Join Laurence Leamer and novelists Richard Paul Evans, David Baldacci and Joseph Kannon at 6 p.m. Wednesday for the Post-Gazette's Book and Author Dinner at the Westin Convention Center, Downtown. Tickets are $35 plus $2.50 visiting www.proartstickets.org., or are available at the door the night of the dinner.
But Laurence Leamer, author of the "The Kennedy Men, 1901-1963" (Morrow, $35), insists that there is something new to be said about the family, and his book is the one that says it.
"It's the first multigenerational epic take on this family, and that's what makes it different," said Leamer in a telephone interview from his Palm Beach, Fla., home.
Leamer travels to Pittsburgh on Wednesday to speak at the Post-Gazette Book and Author Dinner.

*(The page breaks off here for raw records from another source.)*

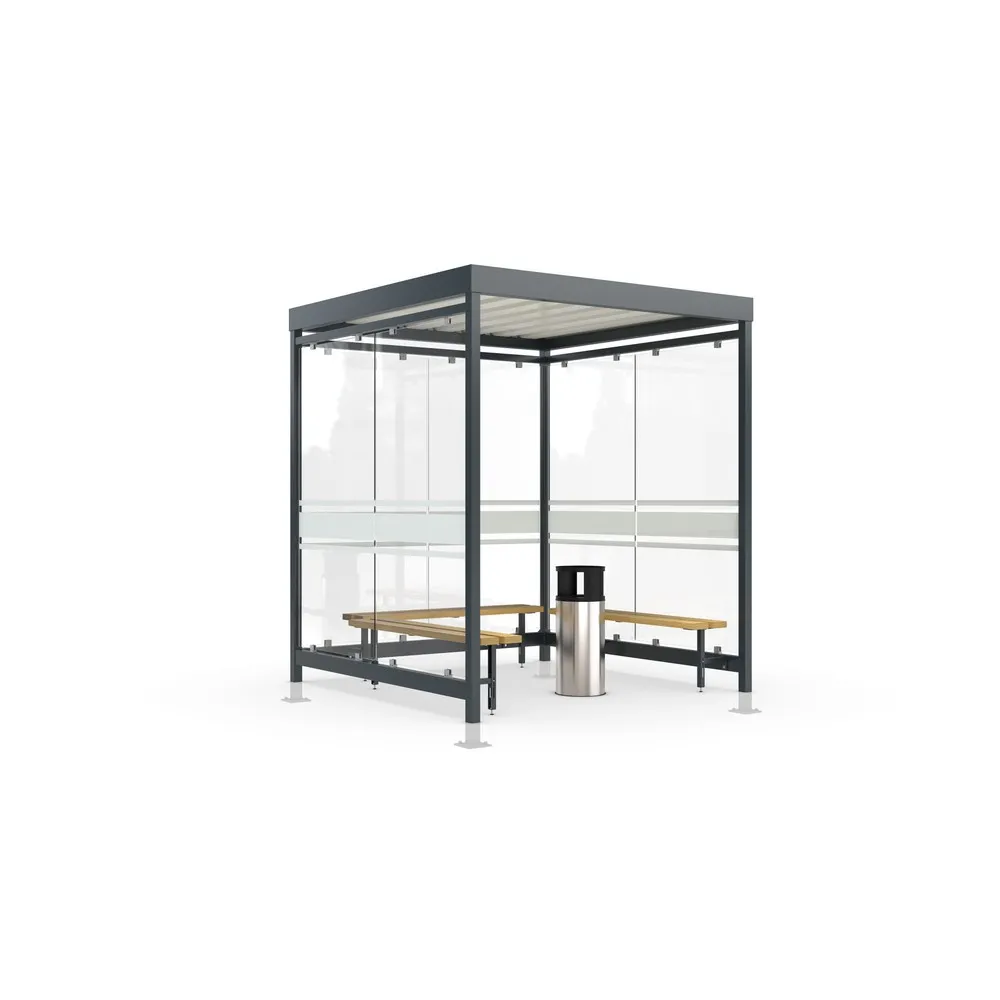 wsm® Raucherunterstand Köln, U-Form, inkl. Bank und Standascher, mit Überpflasterung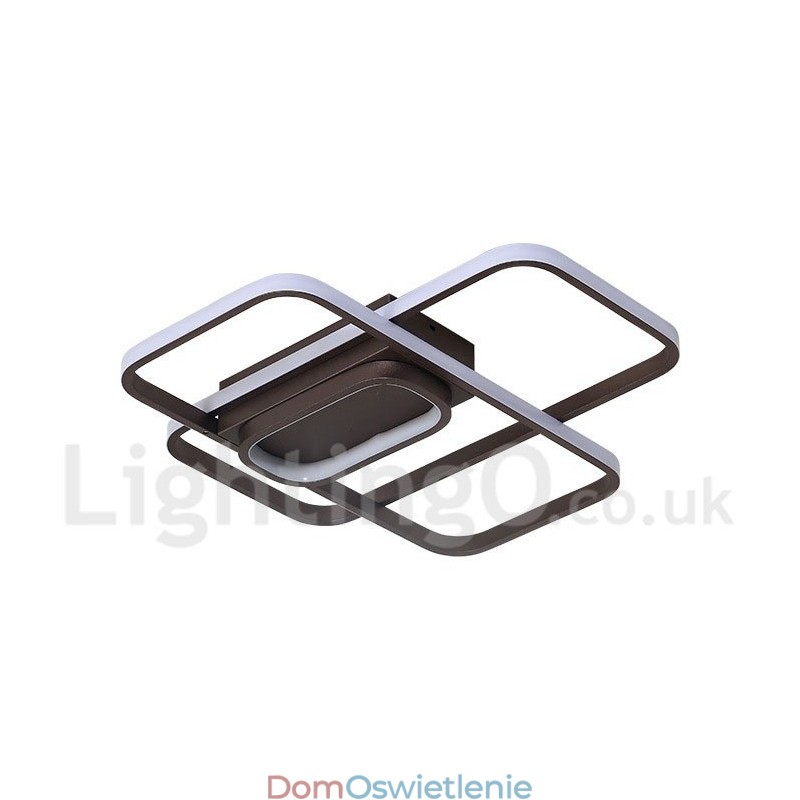 Nowoczesna współczesna lampa sufitowa z aluminium, montowana na płasko, ze zdalnym ściemniaczem, może być również używana jako lampa ścienna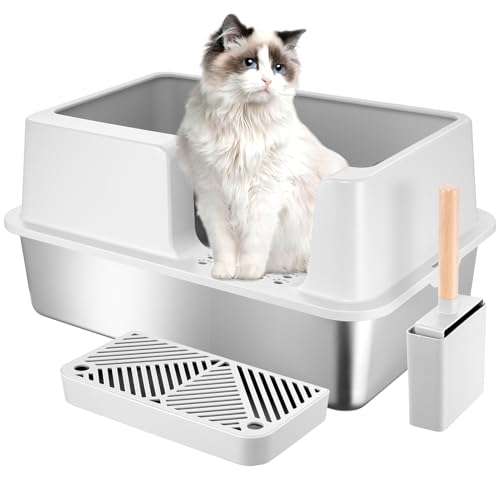 LeadGoods Große Edelstahl Katzenklo,XXL Offene Edelstahl Katzentoilette，60*40*29CM，Katzenklo Groß，Geschlossenes Design mit hohen Wandkanten, antihaftbeschichtet, auslaufsicher und leicht zu reinigen von LeadGoods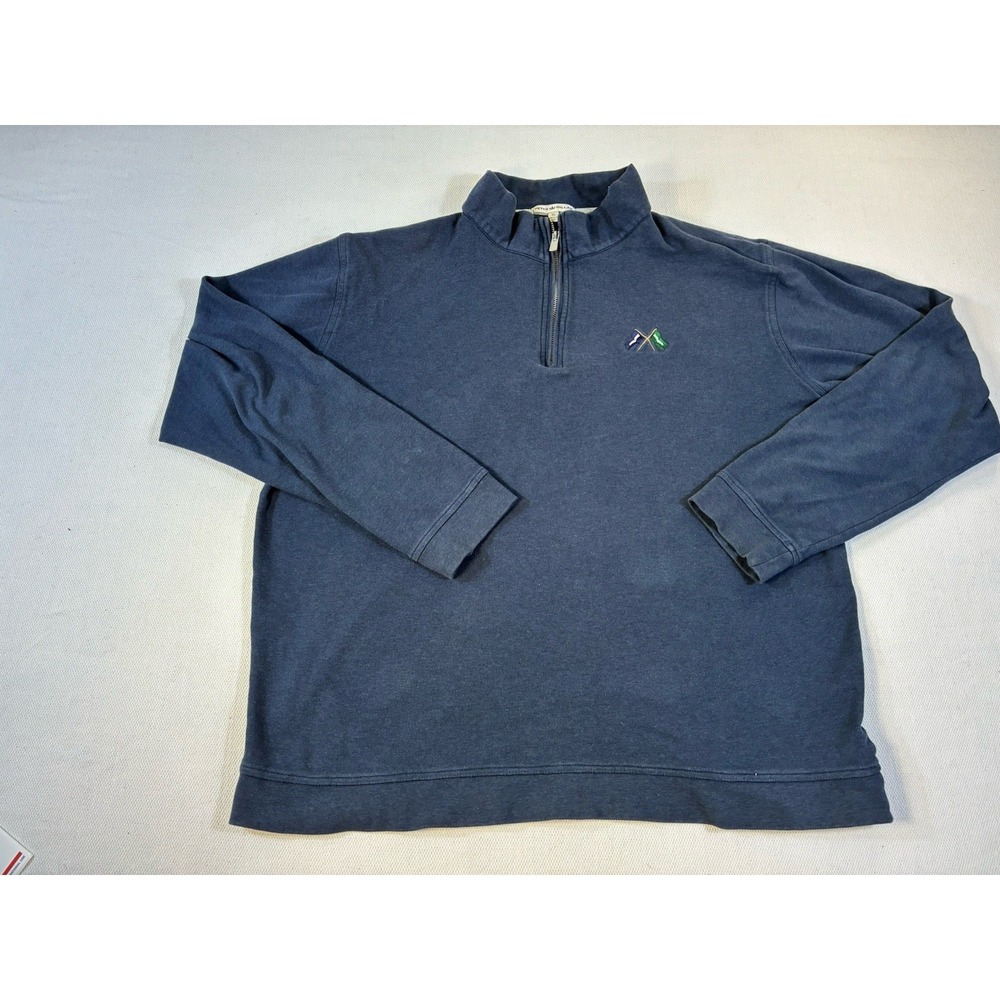 Peter Millar Men's 1/4 Zip Pullover Navy‎ Blue Cotton Blend XL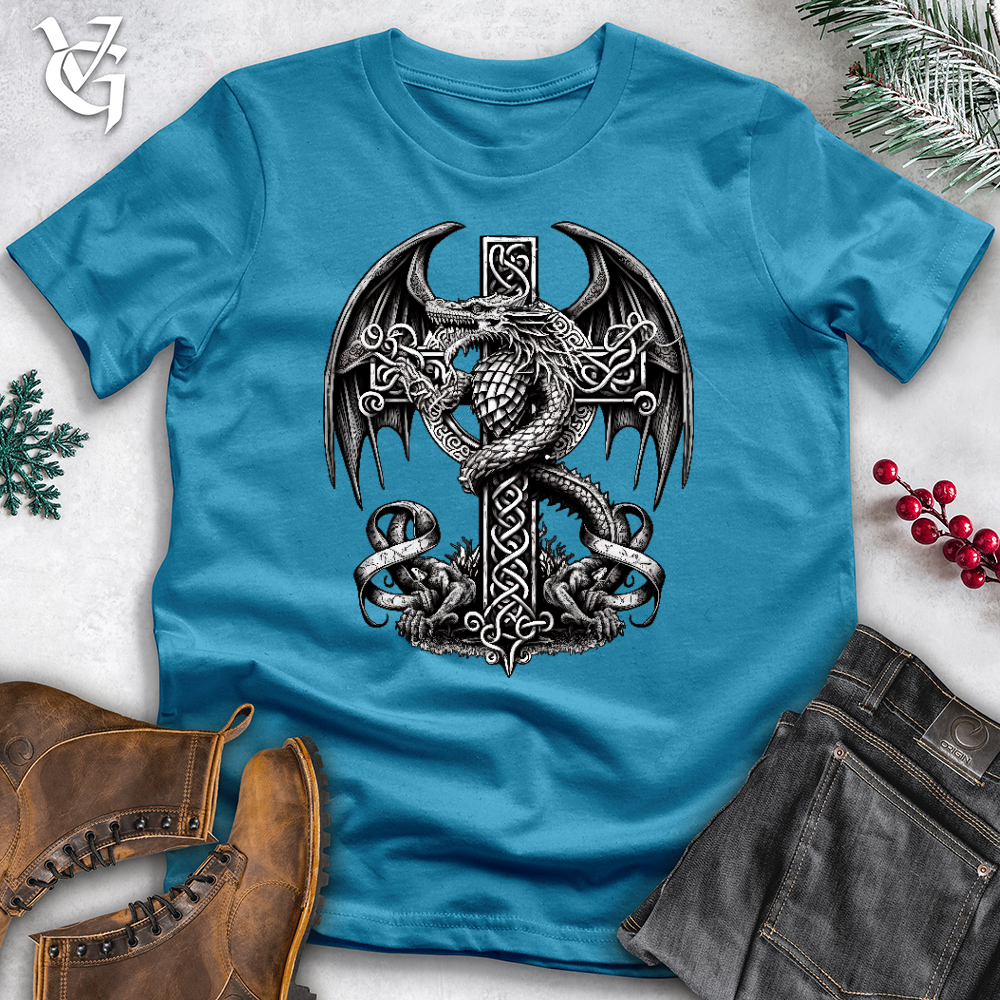 Viking Goods Dragon Protector Cotton Tee Aqua / L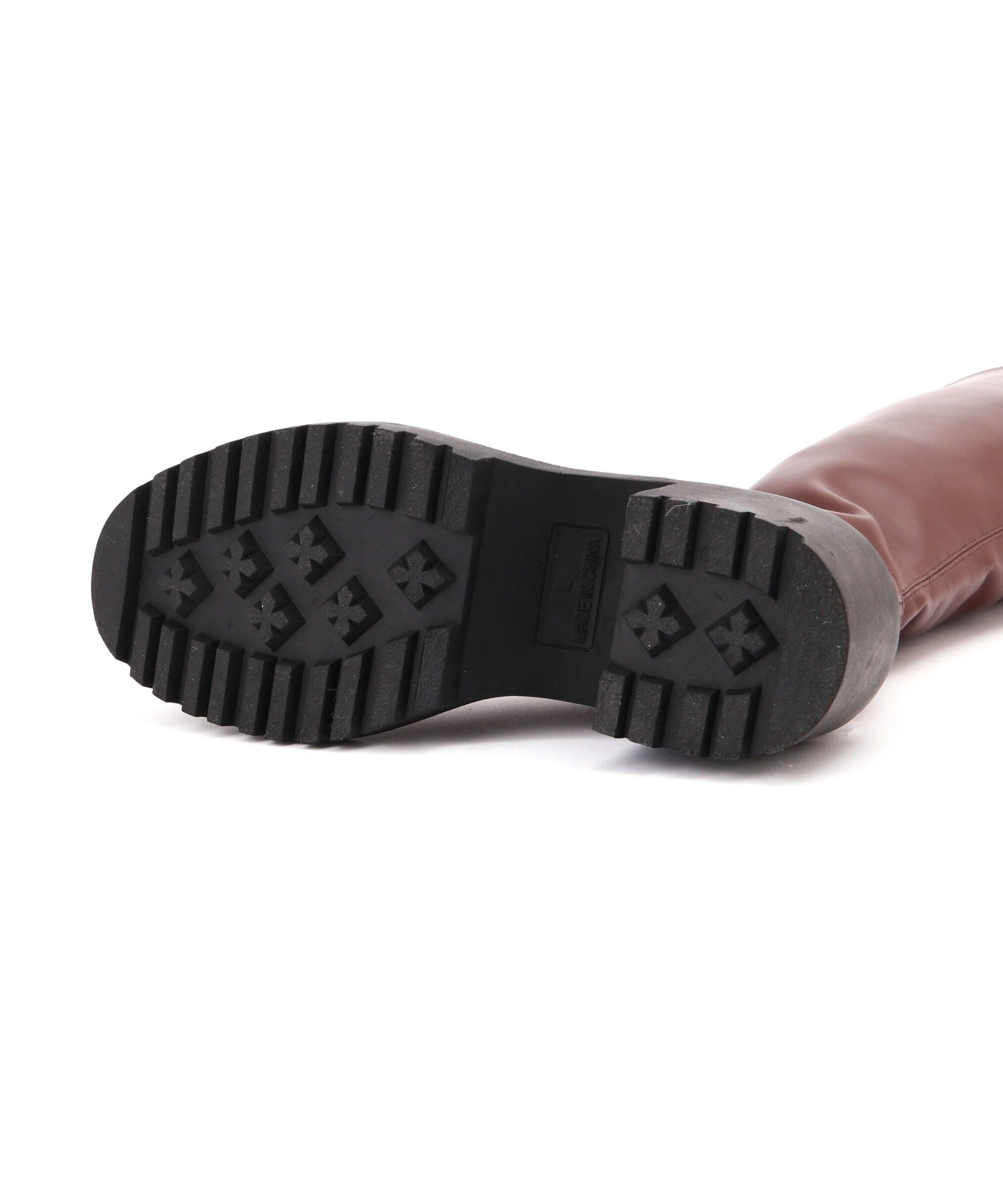 ワイドヒールストレッチブーツ ブラウン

Well, not necessarily. Doris Kearns Goodwin's "The Fitzgeralds and the Kennedys" certainly was the first to truly mine the psychological origins of the clan's rise to power.
But Leamer says his book contains reams of new material -- in particular on John Kennedy's presidency, which, despite the title of the book, is really its focus.
So much material, in fact, that there will be a second volume of "The Kennedy Men," mostly about Robert F. Kennedy but also the youngest, Sen. Edward M. Kennedy, D-Mass.
Besides using interviews, oral histories, diaries, letters and tapes, "The Kennedy Men" is the first book to "make full use" of secretly recorded telephone conversations and meetings by Kennedy from the summer of 1962 to his death. Some of those tapes were destroyed by the Kennedy family before they were given to the presidential library; others were secreted away by Kennedy's secretary, Evelyn Lincoln.
By phone, Leamer seems every bit the savvy, smooth-talking writer who spent years in Washington, D.C. (and still keeps a home there). His work has appeared in Esquire, Newsweek and other publications, and he has written books on Ingrid Bergman, Johnny Carson and Nancy and Ronald Reagan.
Perhaps his most notable is "The Kennedy Women," which was a best seller that was made into a television miniseries.
And while he may be justly accused of authoring "tell-all" books, there's no doubt that Leamer is a thorough researcher who is expert at unearthing telling details about his subjects.
Some of Leamer's new material is serious history, the rest more fuel for voyeurs: There's new detail about the extent of JFK's involvement in the secret war against Cuba, and more about family patriarch Joseph Kennedy's career as a bootlegger.
On the salacious side, there are interviews with Janet Des Rosiers Fontaine, who was Joe Kennedy's secretary and longtime mistress. There's new original material about Gunilla Von Post, the sensual Swedish aristocrat JFK met just weeks before his wedding to Jacqueline Bouvier while on a last bachelor trip to the Riviera.( "If I had met you one week before, I would have canceled the whole thing," Gunilla recalls him telling her.)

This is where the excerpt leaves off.